## TASK TO CARRY OUT
Report every line from the material that contains the word "with".

## DATA TO PROCESS
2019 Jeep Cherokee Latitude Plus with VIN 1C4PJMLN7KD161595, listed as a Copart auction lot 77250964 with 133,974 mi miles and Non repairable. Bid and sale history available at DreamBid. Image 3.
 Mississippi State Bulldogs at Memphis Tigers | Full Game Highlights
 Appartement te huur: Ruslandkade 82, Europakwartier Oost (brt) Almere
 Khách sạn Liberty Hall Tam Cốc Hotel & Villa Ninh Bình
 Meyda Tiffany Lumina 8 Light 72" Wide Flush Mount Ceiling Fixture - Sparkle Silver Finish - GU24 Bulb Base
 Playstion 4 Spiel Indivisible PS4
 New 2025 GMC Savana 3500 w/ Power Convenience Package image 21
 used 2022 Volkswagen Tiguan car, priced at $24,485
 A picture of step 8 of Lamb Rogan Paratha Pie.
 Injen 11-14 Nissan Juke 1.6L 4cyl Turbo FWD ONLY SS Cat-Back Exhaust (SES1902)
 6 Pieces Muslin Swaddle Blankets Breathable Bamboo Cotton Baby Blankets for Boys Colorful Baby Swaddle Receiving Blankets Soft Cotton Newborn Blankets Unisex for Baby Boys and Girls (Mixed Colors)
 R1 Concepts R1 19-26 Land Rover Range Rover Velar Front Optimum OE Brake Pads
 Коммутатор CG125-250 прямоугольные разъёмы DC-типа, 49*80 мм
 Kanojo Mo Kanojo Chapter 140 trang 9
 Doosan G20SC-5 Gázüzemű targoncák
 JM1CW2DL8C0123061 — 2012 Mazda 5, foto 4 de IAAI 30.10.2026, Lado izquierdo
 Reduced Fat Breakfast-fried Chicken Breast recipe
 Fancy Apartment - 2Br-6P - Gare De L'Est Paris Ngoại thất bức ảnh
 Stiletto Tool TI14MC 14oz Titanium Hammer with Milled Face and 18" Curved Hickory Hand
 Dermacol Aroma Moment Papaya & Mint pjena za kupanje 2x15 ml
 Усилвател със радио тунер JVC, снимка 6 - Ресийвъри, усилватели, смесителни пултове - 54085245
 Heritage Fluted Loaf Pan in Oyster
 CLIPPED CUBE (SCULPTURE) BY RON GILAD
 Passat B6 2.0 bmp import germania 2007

## SOLUTION TO THIS PROBLEM
2019 Jeep Cherokee Latitude Plus with VIN 1C4PJMLN7KD161595, listed as a Copart auction lot 77250964 with 133,974 mi miles and Non repairable. Bid and sale history available at DreamBid. Image 3.
 Stiletto Tool TI14MC 14oz Titanium Hammer with Milled Face and 18" Curved Hickory Hand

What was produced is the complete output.